Défi papier (PIERRELINE)

BIP BIP BIBIP BIBIP BIIIIP BIIIIP

 

Zig lança une main au hasard, il l’aurait ce satané réveil et sa sonnerie insupportable !!!

 

BLING !

 

Il l’avait eu, il en serait simplement quitte pour en racheter un autre …

Se lever si tôt un dimanche pour cause de contrôle inopiné de l’URSSAF, il n’était pas prêt de s’en remettre !

 

Sa tendre moitié avait prudemment demandé l’asile politique chez leur fille aînée : « Tu comprends, il est en pleine crise, il a paumé ses papiers, c’est un vrai capharnaüm de toutes façons dans son gourbi, alors vaut mieux laisser passer l’orage, faire comme les pigeons et se planquer la tête sous l’aile en attendant que ça passe ! ».

 

Zig pestait : « J’ai vraiment une cervelle de moineau, c’est pas possible de ne pas se rappeler où je les ai mises ces satanées liasses ! »

Il avait fait l’autruche depuis des semaines, se disant qu’un miracle peut-être lui ferait retrouver les précieux documents, mais rien à faire et maintenant il payait sa tête de linotte et il devait faire face : Demain, à la première heure, l’inspectrice des contributions et spécialiste du recouvrement des impayés sociaux allait se précipiter sur lui comme l’aigle sur sa proie et n’en faire qu’une bouchée !

 

AAARRRGGHH !!

 

« Chéri ! Oh, Zig, !!!

 

« MMM ???

 

« Réveille-toi, t’entends pas le réveil ?

 

« HURMPH ;

 

« Que, Quoi, Comment ?

 

« Oh, toi, t’es encore en train de faire ton cauchemar annuel ! Elle est revenue, ta chère inspectrice de l’URSSAF ? Franchement, depuis le temps tu ne devrais plus arriver à te mettre dans des états pareils, chaque année c’est la même chose ! Tu sais bien que tes liasses tu les mets sur la table à la mi-décembre, et chaque année avant le réveillon tu balances tout dans un grand sac et tu le planques derrière le frigo ! Il n’a pas bougé, le sac, tu retrouveras tout dedans, les liasses, mais aussi le reste, la liste des courses du réveillon, l’ordonnance du véto pour les vers des chats, le programme du ciné, le plan des bus, quelques sachets de thé au jasmin, un bout de crayon mâché et tes grilles de sudoku, et même les papiers des papillotes avec leurs blagues que tu voulais lire au petit au repas de noël, tu te souviens ?

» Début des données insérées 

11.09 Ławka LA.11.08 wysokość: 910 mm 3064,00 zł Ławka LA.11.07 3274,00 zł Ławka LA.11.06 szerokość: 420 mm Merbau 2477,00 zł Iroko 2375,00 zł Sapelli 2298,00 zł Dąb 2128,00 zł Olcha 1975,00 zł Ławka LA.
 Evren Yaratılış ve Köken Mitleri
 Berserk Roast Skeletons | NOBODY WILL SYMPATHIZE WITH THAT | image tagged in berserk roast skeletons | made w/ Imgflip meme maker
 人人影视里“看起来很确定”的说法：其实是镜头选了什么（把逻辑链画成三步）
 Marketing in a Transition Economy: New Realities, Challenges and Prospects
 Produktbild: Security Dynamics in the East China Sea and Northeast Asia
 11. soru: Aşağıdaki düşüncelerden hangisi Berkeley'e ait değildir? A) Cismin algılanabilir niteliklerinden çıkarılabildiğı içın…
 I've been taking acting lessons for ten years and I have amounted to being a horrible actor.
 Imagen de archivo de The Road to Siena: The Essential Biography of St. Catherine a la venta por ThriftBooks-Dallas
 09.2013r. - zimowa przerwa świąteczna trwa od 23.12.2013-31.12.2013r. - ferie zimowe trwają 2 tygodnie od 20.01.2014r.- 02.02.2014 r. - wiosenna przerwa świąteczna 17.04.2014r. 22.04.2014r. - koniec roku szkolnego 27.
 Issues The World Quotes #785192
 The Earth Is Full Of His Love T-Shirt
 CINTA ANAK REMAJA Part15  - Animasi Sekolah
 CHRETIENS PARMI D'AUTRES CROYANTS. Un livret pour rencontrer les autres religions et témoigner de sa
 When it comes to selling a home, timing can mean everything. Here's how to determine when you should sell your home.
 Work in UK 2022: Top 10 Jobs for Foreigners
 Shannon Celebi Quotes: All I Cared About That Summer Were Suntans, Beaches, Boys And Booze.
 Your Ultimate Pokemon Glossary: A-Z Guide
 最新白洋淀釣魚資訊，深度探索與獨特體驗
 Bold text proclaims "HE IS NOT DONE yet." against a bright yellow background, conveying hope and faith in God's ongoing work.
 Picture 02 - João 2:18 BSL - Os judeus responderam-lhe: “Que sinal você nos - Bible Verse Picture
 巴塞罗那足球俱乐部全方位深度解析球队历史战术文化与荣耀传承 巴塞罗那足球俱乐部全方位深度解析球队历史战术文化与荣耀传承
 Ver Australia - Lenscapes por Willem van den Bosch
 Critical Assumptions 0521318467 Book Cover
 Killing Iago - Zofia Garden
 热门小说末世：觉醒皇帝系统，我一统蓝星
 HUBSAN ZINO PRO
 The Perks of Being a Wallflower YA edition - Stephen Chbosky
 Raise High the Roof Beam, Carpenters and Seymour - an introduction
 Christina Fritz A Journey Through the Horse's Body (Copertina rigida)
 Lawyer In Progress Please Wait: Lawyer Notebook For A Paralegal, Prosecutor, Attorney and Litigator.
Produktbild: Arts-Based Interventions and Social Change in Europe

Allez, rendors-toi, on ira plus tard le dénicher ce satané sac aux cauchemars !!!

 

Zig soupira, ah oui, le cauchemar annuel, c’était comme ça, un truc de saison, un peu comme les cerises de juin, les colchiques en automne, janvier, c’était le mois du cauchemar URSSAF, y’avait des trucs comme ça, c’était immuable, on était bien obligé de faire avec.

 

Il cala sa tête dans le creux préféré de sa belle et se rendormit.